WHAT THE TASK REQUIRES. Please output the lines from the one with "Image 23/57 of Porsche 911 Turbo (1995)" through the end of the data exactly as written, omitting all pictures.

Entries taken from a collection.
______
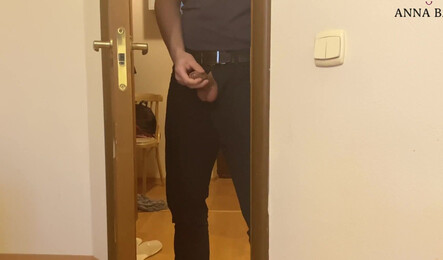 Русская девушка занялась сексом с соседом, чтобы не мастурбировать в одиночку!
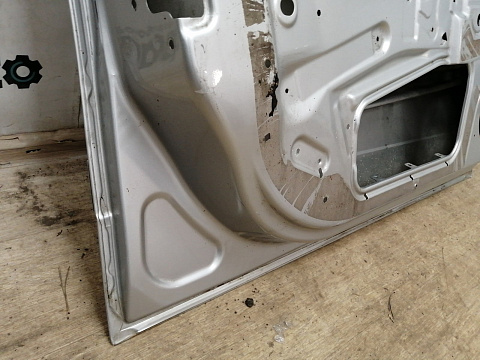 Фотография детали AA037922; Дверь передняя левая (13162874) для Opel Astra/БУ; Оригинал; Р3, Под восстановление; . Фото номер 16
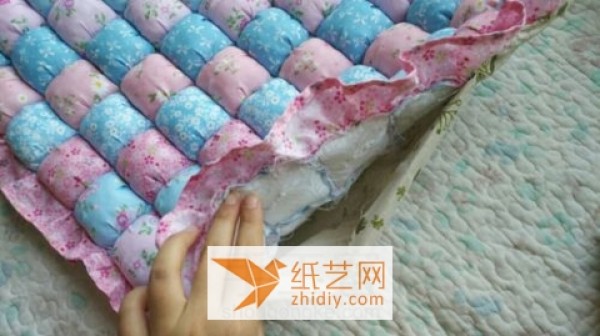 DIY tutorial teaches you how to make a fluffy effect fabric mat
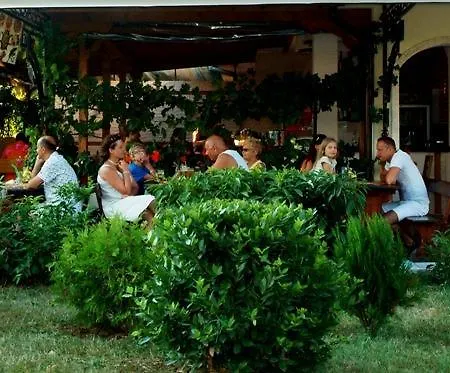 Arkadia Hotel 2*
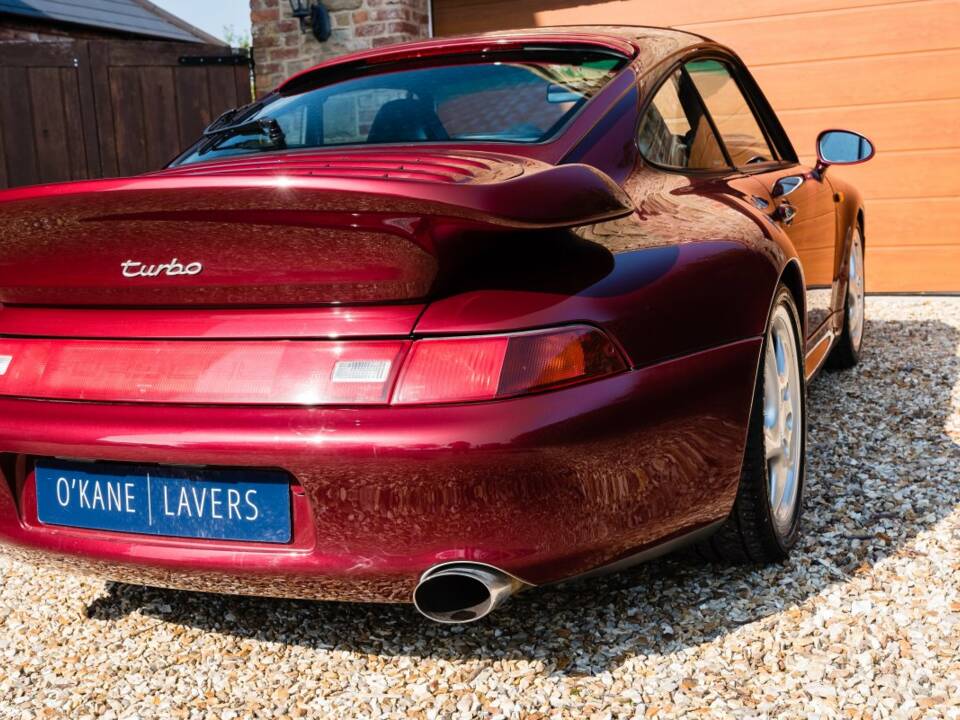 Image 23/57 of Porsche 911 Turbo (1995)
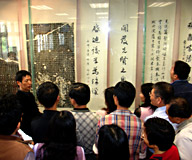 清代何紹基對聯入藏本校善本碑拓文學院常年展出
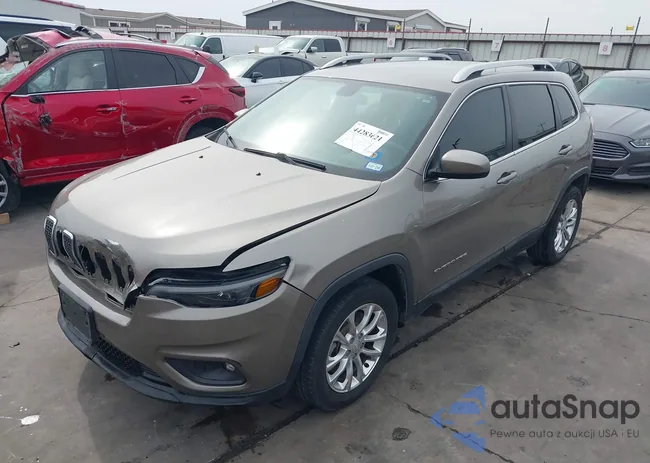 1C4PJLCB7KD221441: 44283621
______
ANSWER BOX.
 Image 23/57 of Porsche 911 Turbo (1995)
 清代何紹基對聯入藏本校善本碑拓文學院常年展出
 1C4PJLCB7KD221441: 44283621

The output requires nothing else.